Et l'on vient nous seriner les oreilles sur les réserves des assureurs, alors que le Grand Genève est notoirement suréquipé en fournisseurs de soins. Il est vrai que la liberté du commerce et les intérêts bien compris des professionnels de tout bord sont bien trop puissants pour qu'un pauvre ministre, coincé dans ses étroites frontières cantonales, puissent...

  • réduire le nombre des médecins et des pharmacies,
  • faire des HUG et du CHUV un seul hôpital pointu sans doublon,
  • exploiter les hôpitaux et les homes (EMS et EHPAD) de la région au mieux des besoins (les patients et leurs parents) doivent pouvoir faire 60 km),
  • endiguer l'explosion des budgets en fixant des enveloppes biennales par pathologie
  • imposer les réseaux de soins et pénaliser le tourisme et la surconsommation médicale
  • sortir de la liste de l'assurance de base quelques médecines sans effet
  • financer la dernière année de vie sur le budget général de l'Etat
  • et, suivant l'excellente suggestion du bon Dr Buchs ci-dessous, l'ouverture du marché des assurances  

Entre autres... Et bien sûr et avant tout manger sainement, de la viande pas trop des légumes et des fruits beaucoup!

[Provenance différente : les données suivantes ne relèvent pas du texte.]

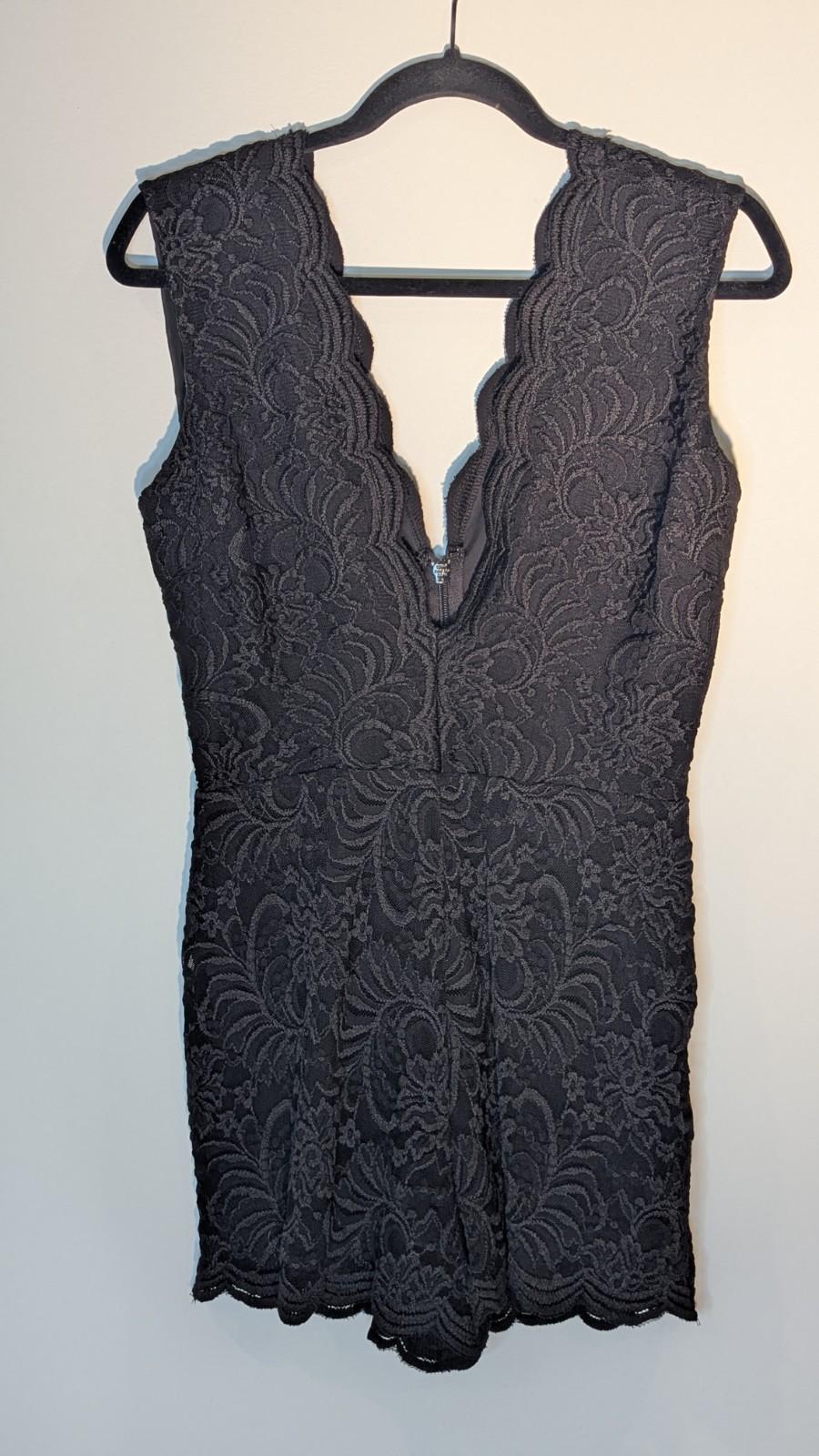 Bebe Black Lace Deep V Neck Scallopped Sexy Romper Size 8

Toutes choses que le nouveau ministre de la santé et de l'action sociale ne pourra guère faire. Même s'il s'appelle Poggia, qu'on entend bien peu ces jours.

Commentaires

  • Ben dis donc.
    A vos ordres mon Colonel.
    Et si tout simplement on faisait un audit de nos chères caisse, histoire de savoir où notre argent a passé.
    Et si on permettait aux assurances étrangères de proposer une couverture pour les soins.
    C'est comme pour les cas os, les prix ont chute.
    Pourquoi Van Breda peut offrir des primes plus basses pour les internationaux, couverture de 80 % sans franchise.

  • Auteur de talent, nutritionniste averti et toubib en plus.
    Dieu existe!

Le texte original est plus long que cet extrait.